Schule in Deutschland ist häufig ein homo- und transphober Ort. Als normal gelten Zweigeschlechtlichkeit und Heterosexualität. Kinder, die anders sind, sich nicht wie ein typischer Junge oder ein typisches Mädchen verhalten, werden nicht selten ausgegrenzt.

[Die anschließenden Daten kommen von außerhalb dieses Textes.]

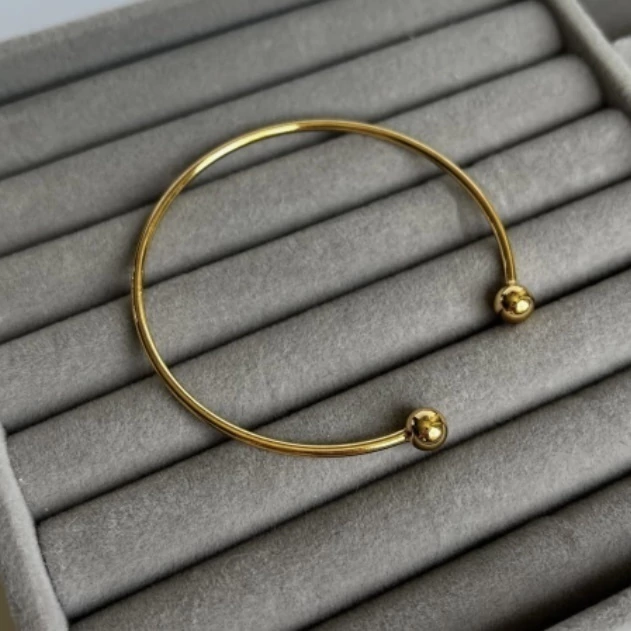 Bracelete Ball Dourado semijoia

Kürzlich erhielt ich dazu eine E-Mail einer besorgten Mutter: „Mein Sohn besucht die Grundschule (2. Klasse) und wird dort aufgrund von nicht-jungentypischen Vorlieben (mag Rosa) von anderen Kindern ausgelacht. Er leidet sehr unter der Situation. Die Klassenlehrerin möchte helfen, weiß aber nicht genau wie. Antidiskriminierungs- Richtlinien oder Ähnliches gibt es an der Schule nicht. […] gibt es auch Material für die Grundschule, das sich mit allzu starren Geschlechterklischees befasst?“
Um solchen problematischen Situationen entgegenzuwirken, sind Antidiskriminierungs- und Bildungsprojekte wie „Schule der Vielfalt“ so wichtig. In diesem bundesweiten Schulnetzwerk sind unterschiedliche Schulformen engagiert, von der Förderschule bis zum Berufskolleg. Grundschulen sind allerdings bis heute nicht dabei.
MANGELHAFTE AUSBILDUNG
Warum ist das so? Am fehlenden Problembewusstsein liegt es wohl nicht. Die allermeisten Grundschullehrkräfte sind in Bezug auf diskriminierende Äußerungen sensibilisiert und nah an dem dran, was ihre Kinder bewegt. Auch in der oben zitierten E-Mail ist sich die Klassenlehrerin des Problems bewusst. Trotzdem wendet sich die Mutter an das Projekt, nicht an die Klassenlehrerin.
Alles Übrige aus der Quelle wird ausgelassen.